Kajian makna dalam semantik leksikal lebih mendasarkan pada peran makna
kata dan hubungan makna yang terjadi antarkata dalam suatu bahasa. Hubungan
makna antar kata baik yang bersifat sintagmatik dan paradigmatik kerap digunakan
untuk menjawab permasalahan makna kata. Kajian makna kata dalam konteks ini pada
gilirannya tentu dapat menjawab permasalahan makna kalimat. Sebab sebagaimana
kerap dikemukakan oleh ahli semantik bahwa makna kalimat bergantung pada makna
kata yang tercakup dalam kalimat tempat kata itu terangkai. Peran kajian makna kata
berdasarkan hubungan makna ini terasa penting mengingat tidak semua makna kata
dapat dijelaskan oleh keterkaitannya dengan objek yang digambarkan oleh kata itu.
Makna kata-kata yang bersifat abstrak, misalnya hanya mungkin dapat dijelaskan
maknanya oleh hubungan makna antarkata dalam suatu bahasa.
Semantik sendiri sebagai ilmu turunan dari Linguistik adalah ilmu yang
mempelajari tentang makna suatu kata. Semantik menitikberatkan pada objek studi
yang berkaitan tentang makna. Banyak teori tentang makna telah dikemukakan orang.

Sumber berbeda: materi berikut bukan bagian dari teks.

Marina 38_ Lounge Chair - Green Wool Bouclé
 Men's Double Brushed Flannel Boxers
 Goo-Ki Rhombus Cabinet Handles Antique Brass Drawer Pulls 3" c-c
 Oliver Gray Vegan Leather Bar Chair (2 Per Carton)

Menurut teori yang dikembangkan dari pandangan Ferdinand de Saussure bahhwa
makna adalah ‘pengertian’ atau ‘konsep’ yang dimiliki atau terdapat pada sebuah tanda
linguistik. Kalau tanda linguistik itu disamakan identitasnya dengan kata atau leksem,
maka berarti makna adalah pengertian atau konsep yang dimiliki oleh setiap kata atau
leksem; kalau tanda linguistik itu disamakan dengan morfem, maka berarti makna itu
adalah pengertian atau konsep yang dimiliki oleh setiap morfem, baik yang disebut
morfem dasar maupun morfem afiks.
Makna itu tidak lain daripada sesuatu atau referen yang diacu oleh kata atau
leksem. Kita dapat menentukan makna setelah dalam bentuk kalimat.
Contohnya:
Sudah hampir pukul dua belas!
Bila diucapkan oleh seorang ibu asrama putri kepada seorang pemuda maka
bermaksud mengusir, sedangkan jika yang mengatakan adalah seorang karyawan
kantor berarti menunjukkan waktu makan siang.